> **Stored data**
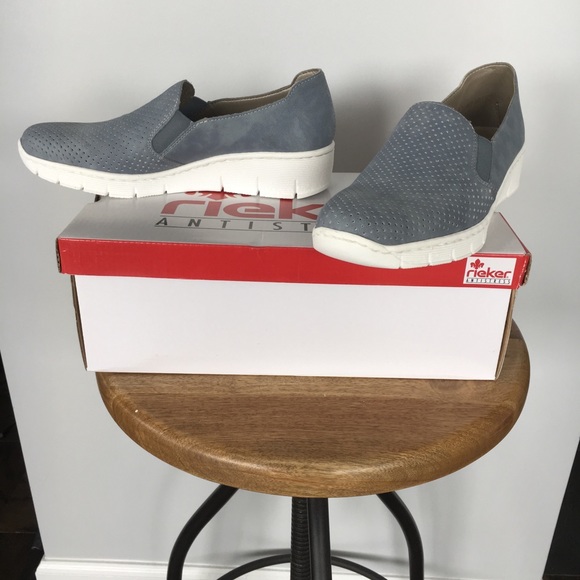 Rieker Shoes - New - Size 37 - Rieker Women’s slip on sneakers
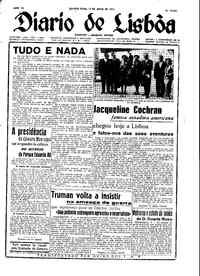 Quinta, 17 de Maio de 1951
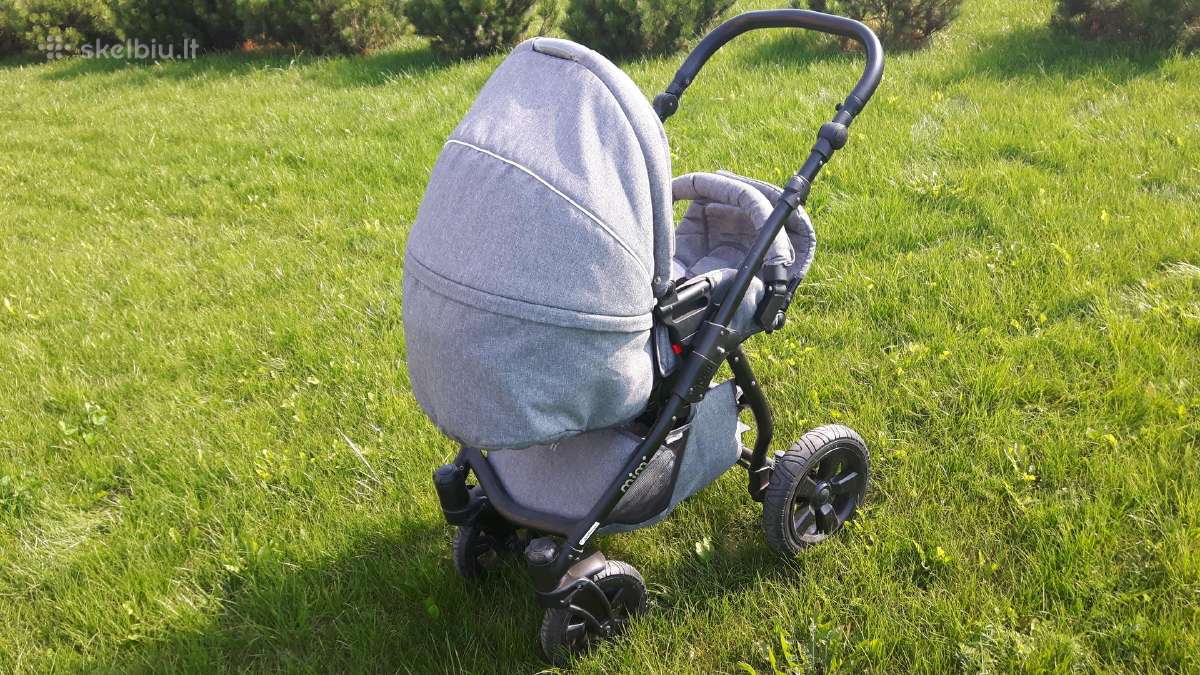 Parduodu vežimėlį Tutis Mimi 3in1 - nuotraukos Nr. 3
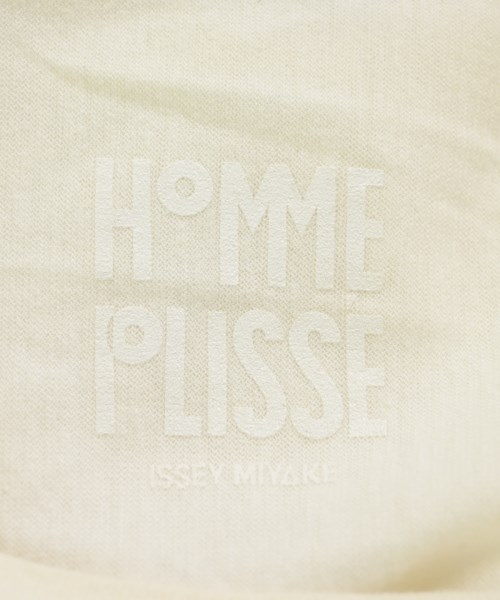 HOMME PLISSE（オムプリッセ）Tシャツ・カットソー 白 サイズ:3(L位) メンズ/2200723419037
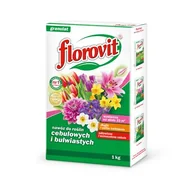 Nawozy ogrodnicze - Nawóz do roślin cebulowych i bulwiastych karton 1 kg Florovit - miniaturka - grafika 1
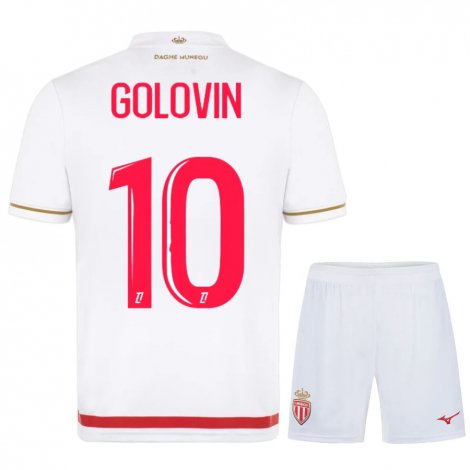 Детская домашняя футбольная форма GOLOVIN 2025-2026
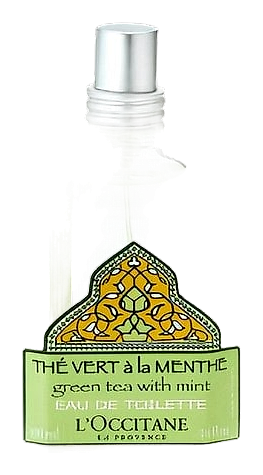 The Vert A La Menthe (green Tea With Mint) by L'Occitane en Provence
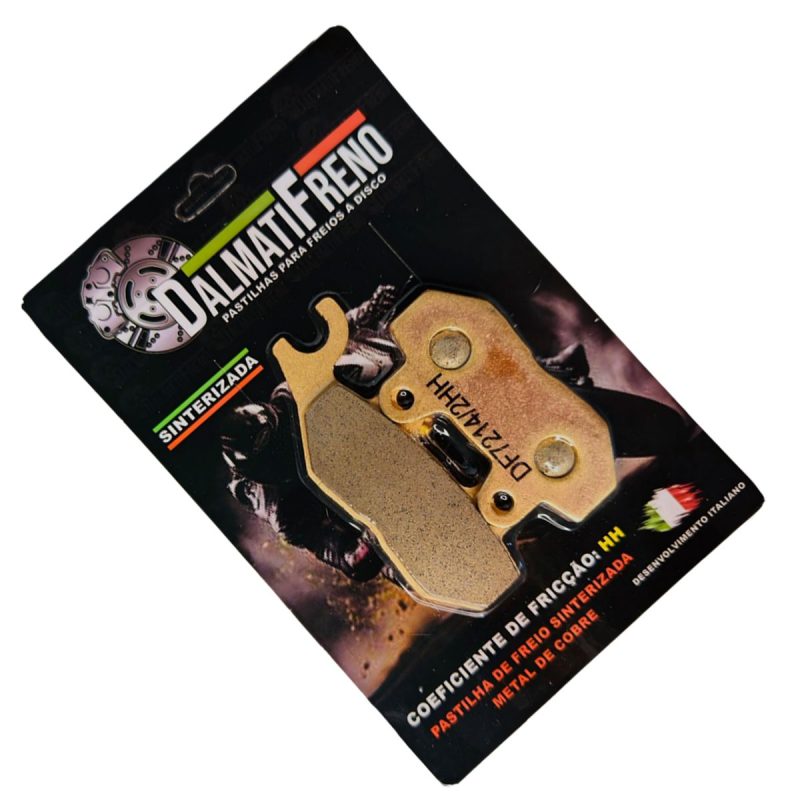 PASTILHA DE FREIO TRASEIRA TRIUMPH Bonneville T120 1200 cc ano 2016 2017 2018 2019 2020 2021 2022 2023 2024 2025 2026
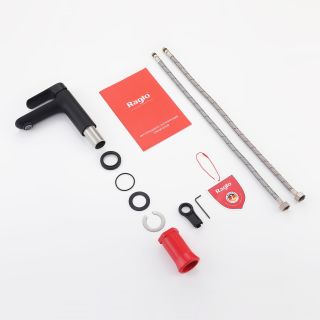 Смеситель для раковины Raglo R03.10.06 чёрный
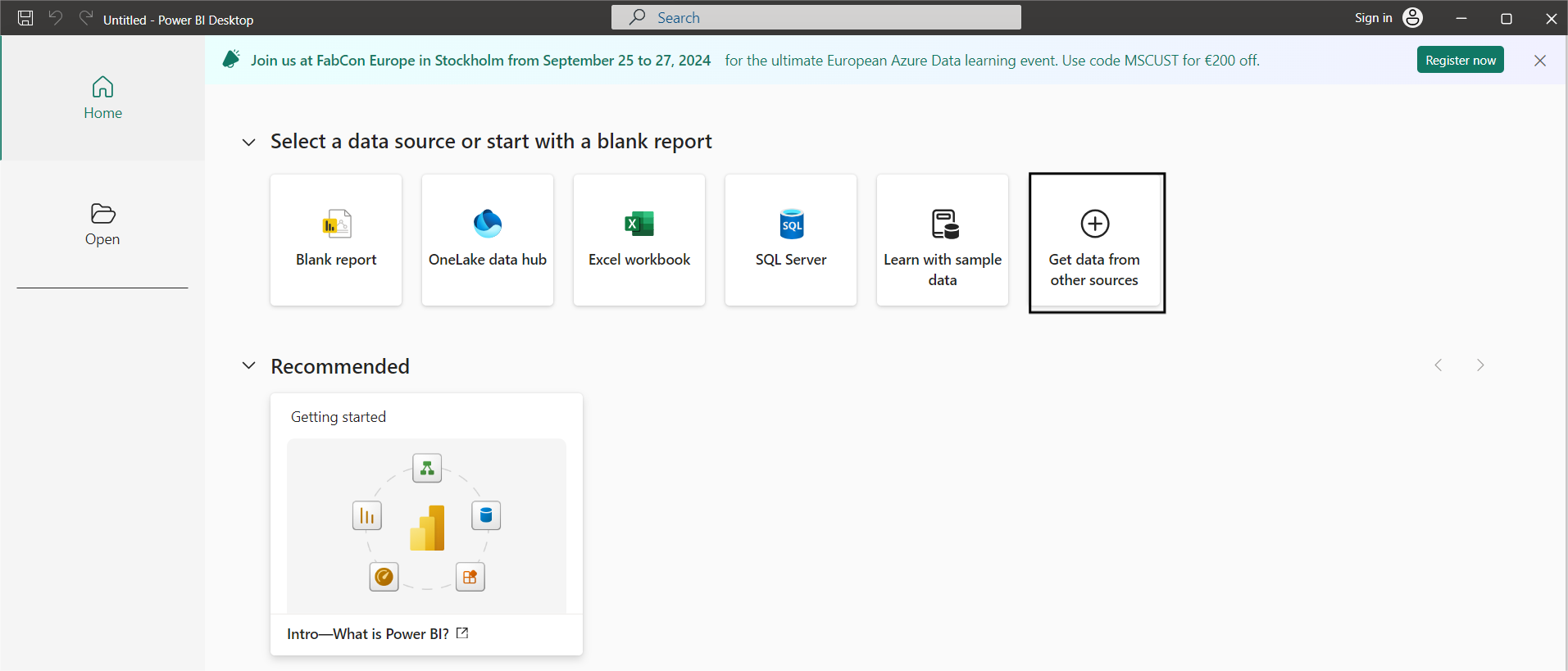 Power BI Dashboard Examples: Power BI Desktop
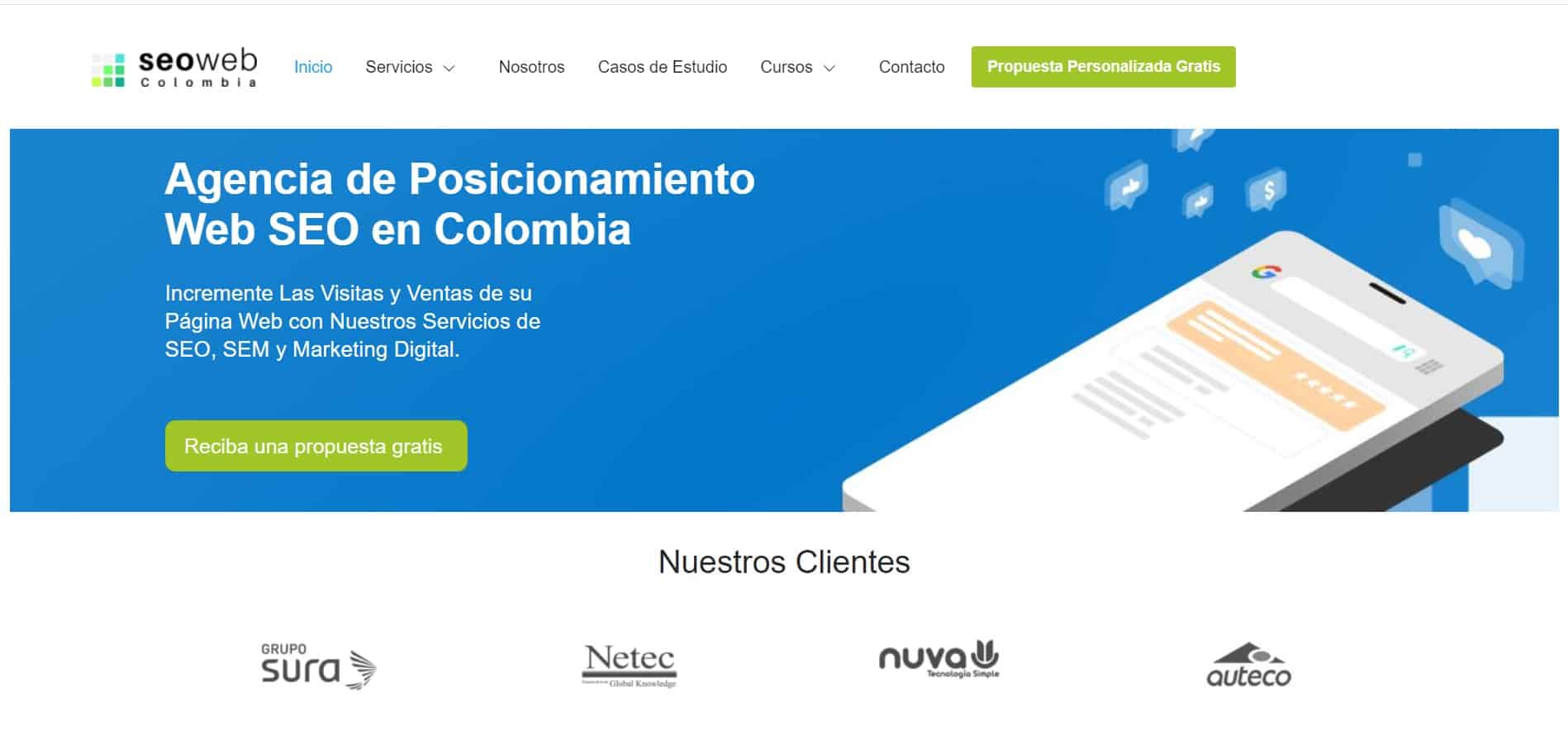 seo web colombia agencia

> **Task brief**
None of the pictures should be copied, but every record above must be restated in full.

> **Written answer**
 Rieker Shoes - New - Size 37 - Rieker Women’s slip on sneakers
 Quinta, 17 de Maio de 1951
 Parduodu vežimėlį Tutis Mimi 3in1 - nuotraukos Nr. 3
 HOMME PLISSE（オムプリッセ）Tシャツ・カットソー 白 サイズ:3(L位) メンズ/2200723419037
 Nawozy ogrodnicze - Nawóz do roślin cebulowych i bulwiastych karton 1 kg Florovit - miniaturka - grafika 1
 Детская домашняя футбольная форма GOLOVIN 2025-2026
 The Vert A La Menthe (green Tea With Mint) by L'Occitane en Provence
 PASTILHA DE FREIO TRASEIRA TRIUMPH Bonneville T120 1200 cc ano 2016 2017 2018 2019 2020 2021 2022 2023 2024 2025 2026
 Смеситель для раковины Raglo R03.10.06 чёрный
 Power BI Dashboard Examples: Power BI Desktop
 seo web colombia agencia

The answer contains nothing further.